_TRY IT:_ Leaving out all pictures, reproduce the entries below exactly, from the first line through the line that contains "Mary J. Blige".

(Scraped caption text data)
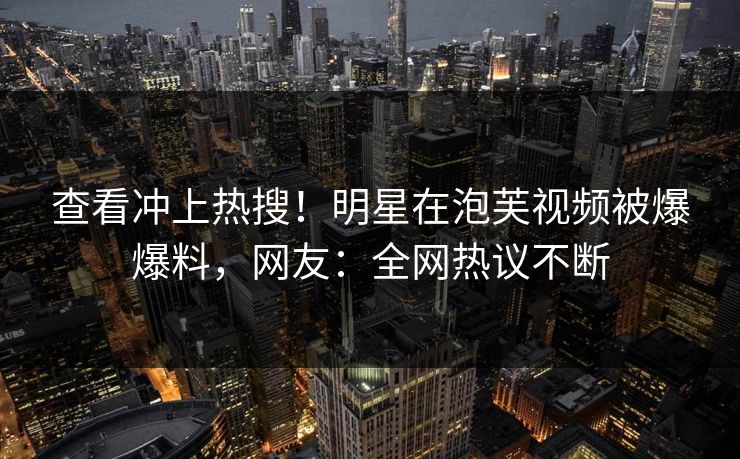 查看冲上热搜！明星在泡芙视频被爆爆料，网友：全网热议不断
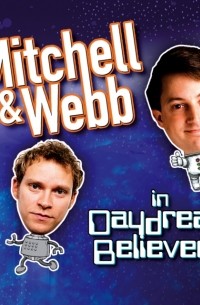 Дэвид Митчелл - Mitchell & Webb In Daydream Believers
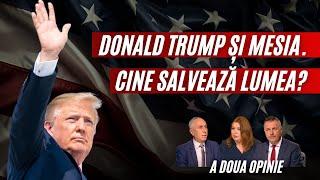 Trump și tentația unui 'Mesia Politic' | Când Religia întâlnește Politica | A Doua Opinie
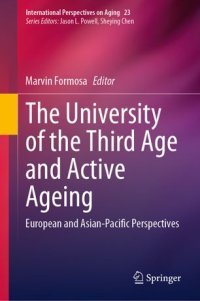 cover of the book The University of the Third Age and Active Ageing: European and Asian-Pacific Perspectives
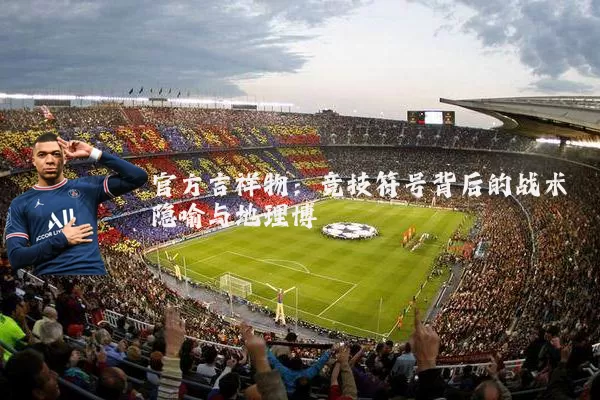 官方吉祥物:竞技符号背后的战术隐喻与地理博弈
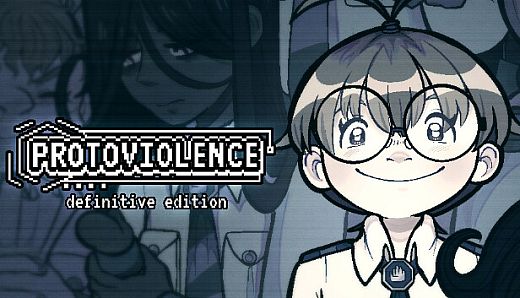 protoViolence - Definitive Edition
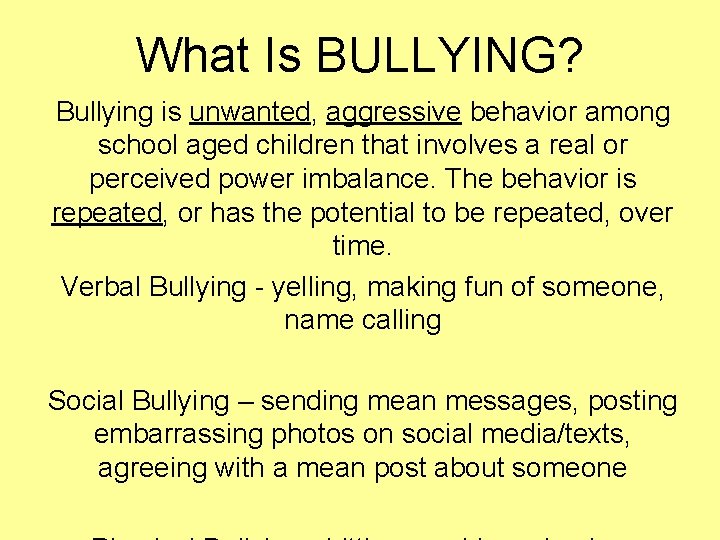 What Is BULLYING? Bullying is unwanted, aggressive behavior among school aged children that involves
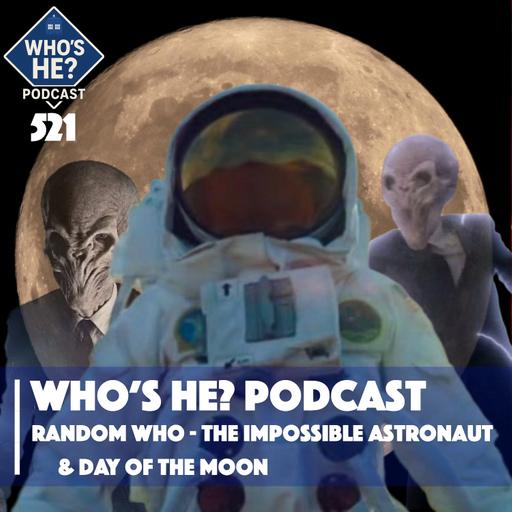 Who's He? Podcast 521 | Random Who - The Impossible Astronaut & Day Of The Moon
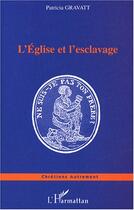 Couverture du livre « L'Eglise et l'esclavage » de Patricia Gravatt aux éditions Editions L'harmattan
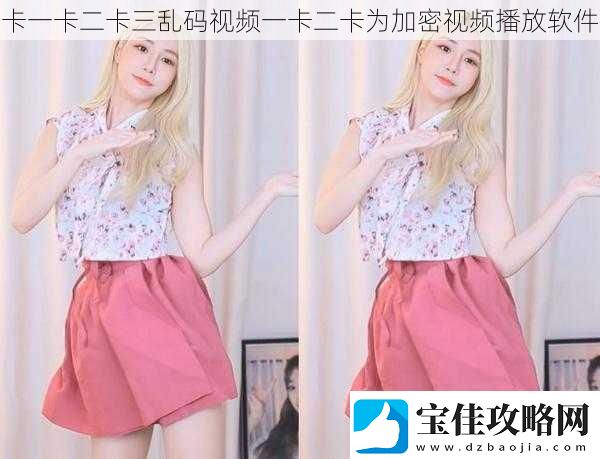 卡一卡二卡三乱码视频一卡二卡为加密视频播放软件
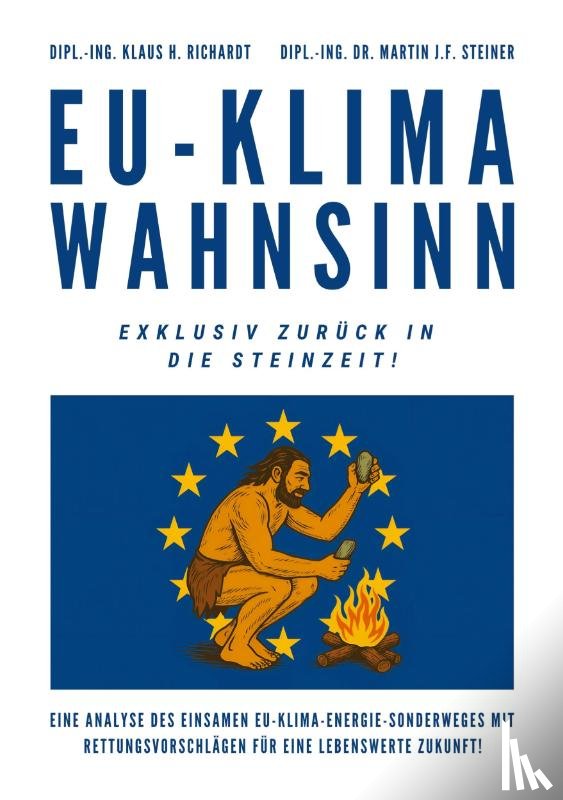 Richardt, Klaus Hellmuth, Steiner, Martin J. F. - EU-Klimawahnsinn-Exklusiv zurück in die Steinzeit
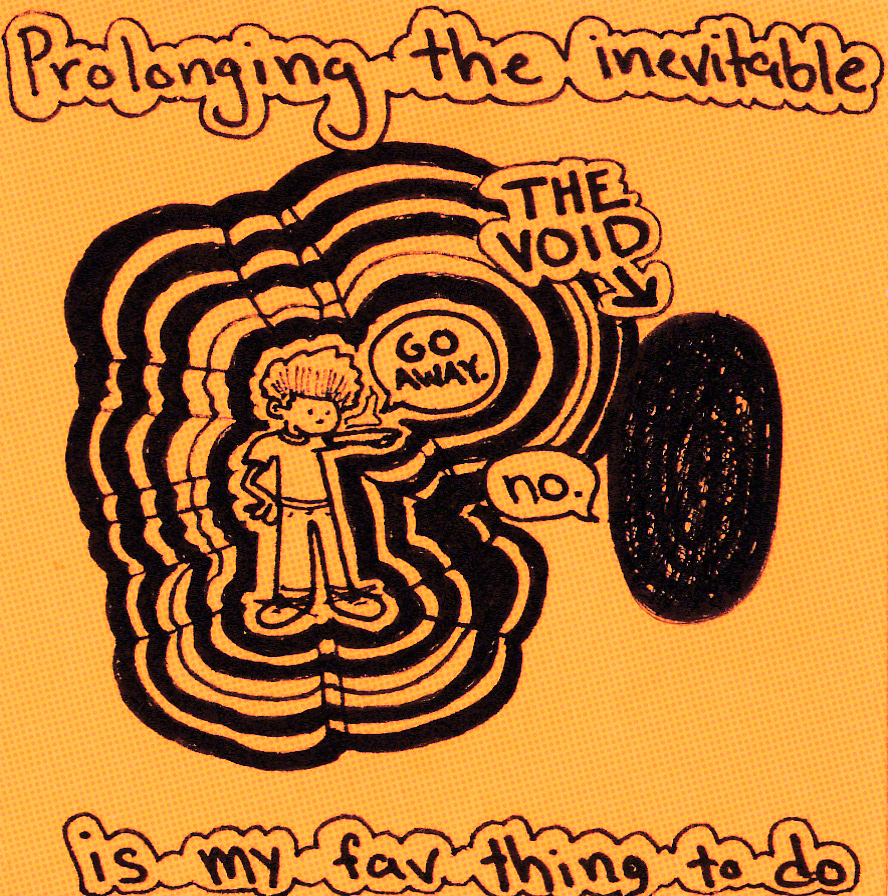 Prolonging the Inevitable 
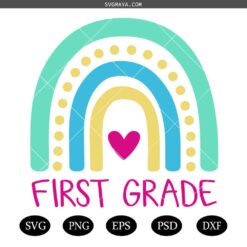 First Grade SVG, 1st Grade Rainbow First Day Of School svg, 1st Grade Back To School svg, 1st Grade Teacher svg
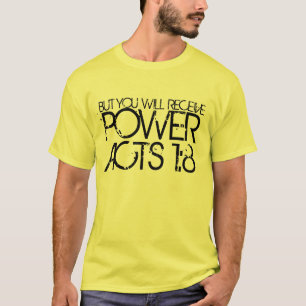 Heiliger Geist POWER-Bibelvers fungiert 1:8 T-Shirt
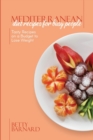 Mediterranean Diet Recipes for Busy People : Tasty Recipes on a Budget to Lose Weight - Book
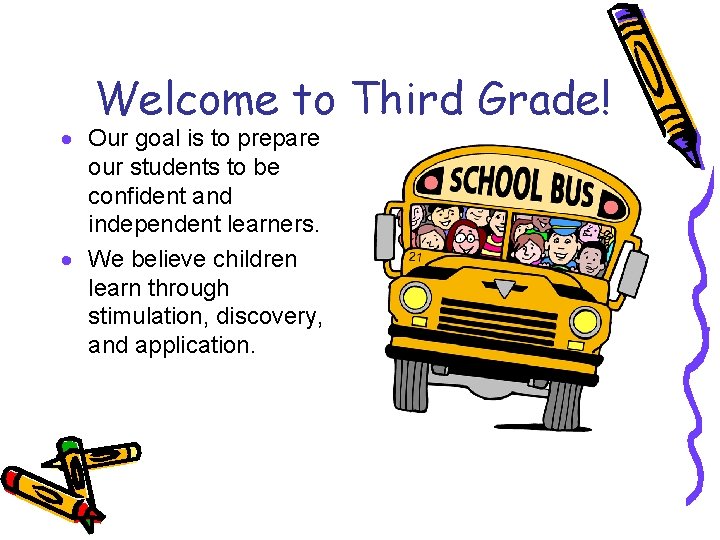 Welcome to Third Grade! · Our goal is to prepare our students to be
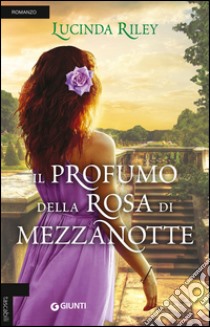 Il profumo della rosa di mezzanotte libro di Riley Lucinda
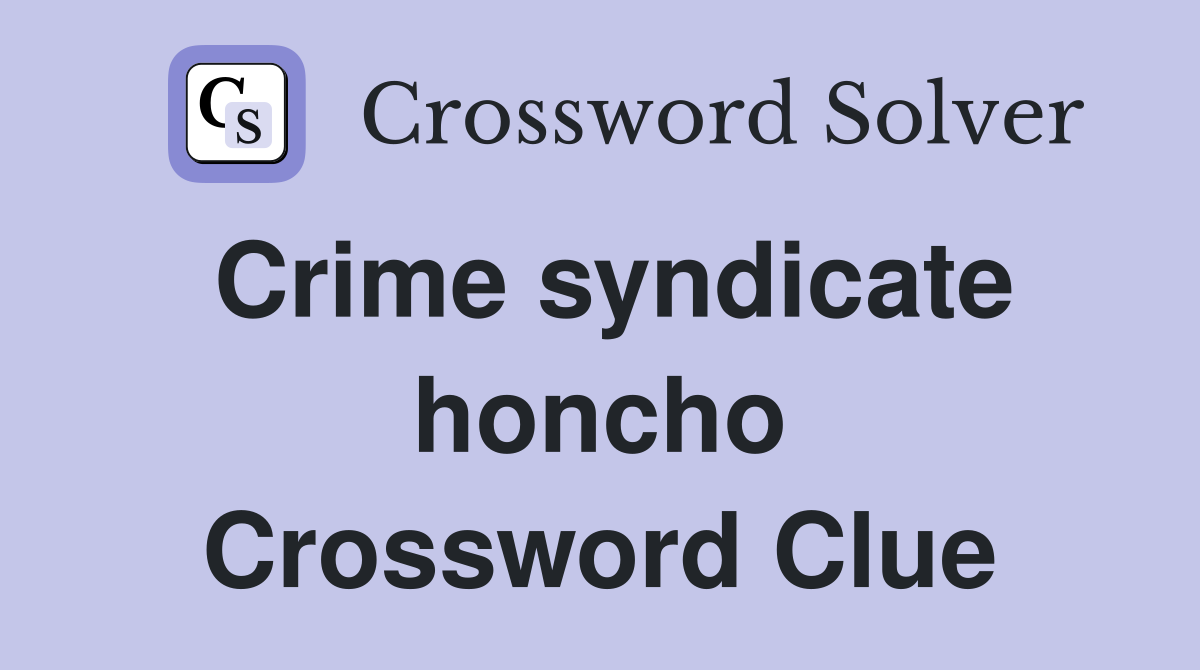 Crime syndicate honcho Crossword Clue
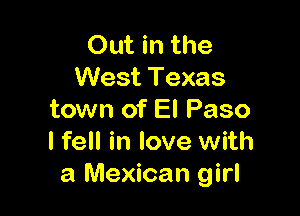 Out in the
West Texas

town of El Paso
I fell in love with
a Mexican girl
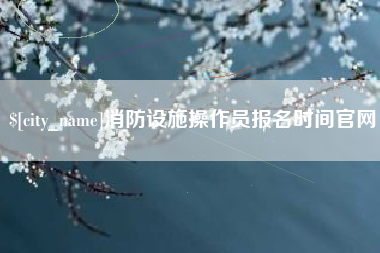 桦甸消防设施操作员报名时间官网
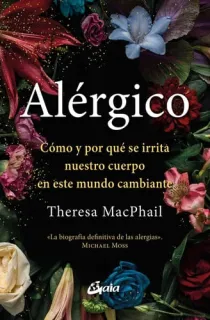 Portada de Alérgico: cómo y por qué se irrita nuestro cuerpo en este mundo cambiante
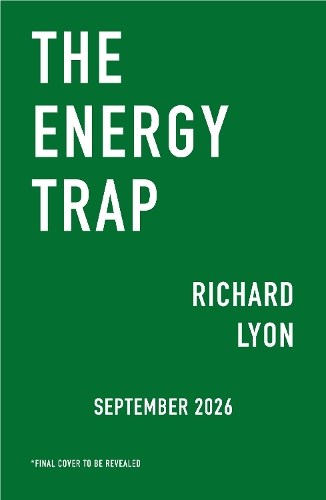 Бумажная книга «The Energy Trap: Why the renewable energy transition can’t work – and what can», автор Ричард Лайон - фото №1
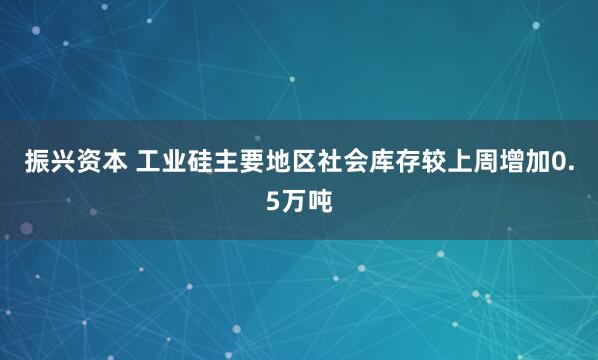 振兴资本 工业硅主要地区社会库存较上周增加0.5万吨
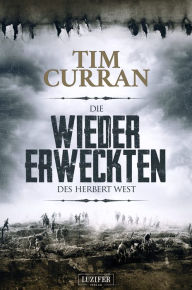 Title: DIE WIEDERERWECKTEN DES HERBERT WEST: Horror, Mystery, Author: Tim Curran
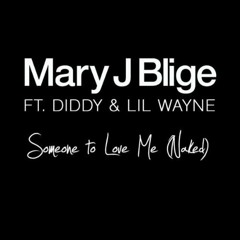 Mary J. Blige - Someone To Love Me (Naked) [feat. Diddy & Lil Wayne]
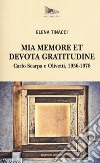 Mia memore et devota gratitudine. Carlo Scarpa e Olivetti, 1956-1978 libro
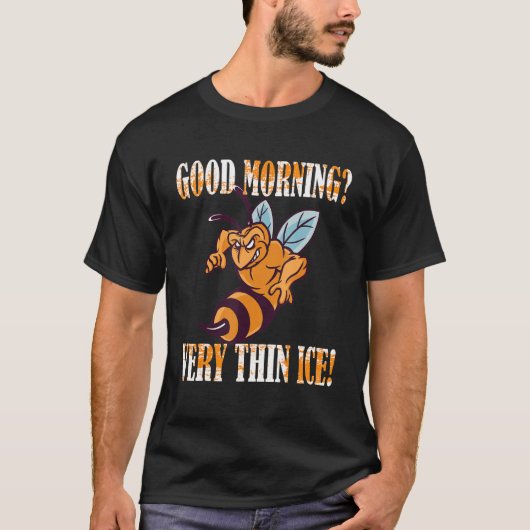 Guten Morgen Sehr dünnes Eis Morgenmuffel Biene T-Shirt (Vorderseite)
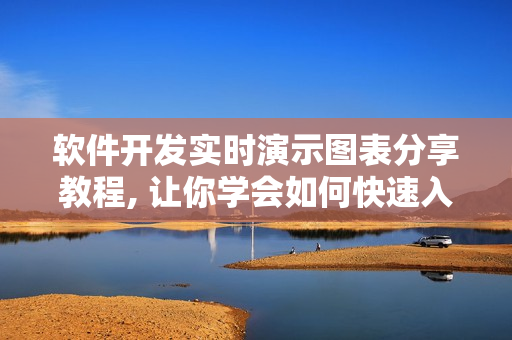 軟件開發(fā)實時演示圖表分享教程, 讓你學會如何快速入門,提升技能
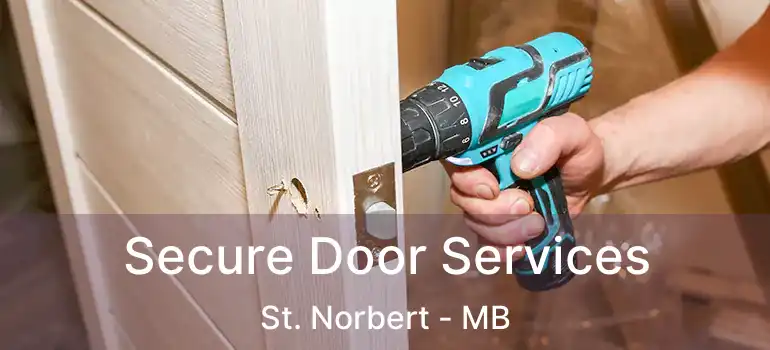 Secure Door Services St. Norbert - MB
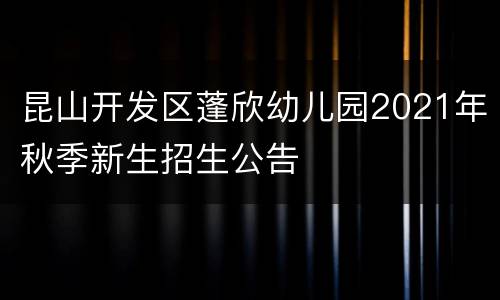 昆山开发区蓬欣幼儿园2021年秋季新生招生公告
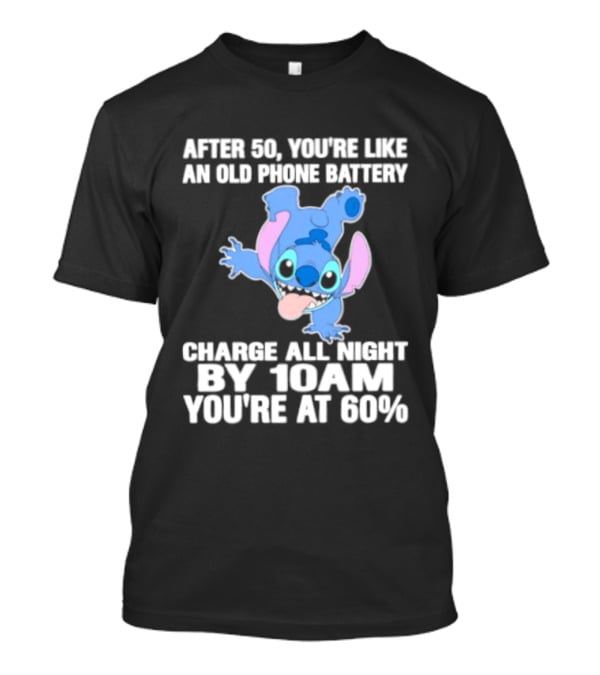 Stitch After 50 You're Like An Old Phone Battery Charge All Night By 10am You're At 60% T-Shirt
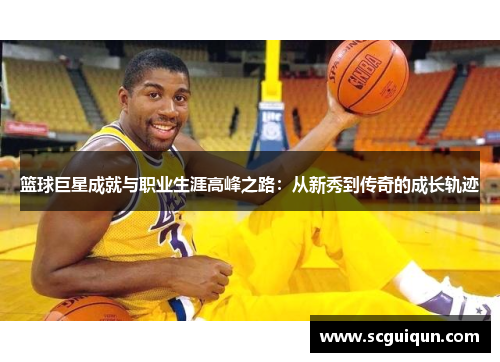 篮球巨星成就与职业生涯高峰之路:从新秀到传奇的成长轨迹 篮球巨星成就与职业生涯高峰之路:从新秀到传奇的成长轨迹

_YOUR RESPONSE:_
 查看冲上热搜！明星在泡芙视频被爆爆料，网友：全网热议不断
 Дэвид Митчелл - Mitchell & Webb In Daydream Believers
 Trump și tentația unui 'Mesia Politic' | Când Religia întâlnește Politica | A Doua Opinie
 cover of the book The University of the Third Age and Active Ageing: European and Asian-Pacific Perspectives
 官方吉祥物:竞技符号背后的战术隐喻与地理博弈
 protoViolence - Definitive Edition
 What Is BULLYING? Bullying is unwanted, aggressive behavior among school aged children that involves
 Who's He? Podcast 521 | Random Who - The Impossible Astronaut & Day Of The Moon
 Couverture du livre « L'Eglise et l'esclavage » de Patricia Gravatt aux éditions Editions L'harmattan
 卡一卡二卡三乱码视频一卡二卡为加密视频播放软件
 Richardt, Klaus Hellmuth, Steiner, Martin J. F. - EU-Klimawahnsinn-Exklusiv zurück in die Steinzeit
 Prolonging the Inevitable 
 First Grade SVG, 1st Grade Rainbow First Day Of School svg, 1st Grade Back To School svg, 1st Grade Teacher svg
 Heiliger Geist POWER-Bibelvers fungiert 1:8 T-Shirt
 Mediterranean Diet Recipes for Busy People : Tasty Recipes on a Budget to Lose Weight - Book
 Welcome to Third Grade! · Our goal is to prepare our students to be
 Il profumo della rosa di mezzanotte libro di Riley Lucinda
 Crime syndicate honcho Crossword Clue
 Out in the
West Texas

town of El Paso
I fell in love with
a Mexican girl
 桦甸消防设施操作员报名时间官网
 Portada de Alérgico: cómo y por qué se irrita nuestro cuerpo en este mundo cambiante
 Бумажная книга «The Energy Trap: Why the renewable energy transition can’t work – and what can», автор Ричард Лайон - фото №1
 振兴资本 工业硅主要地区社会库存较上周增加0.5万吨
 Title: DIE WIEDERERWECKTEN DES HERBERT WEST: Horror, Mystery, Author: Tim Curran
 Mary J. Blige - Someone To Love Me (Naked) [feat. Diddy & Lil Wayne]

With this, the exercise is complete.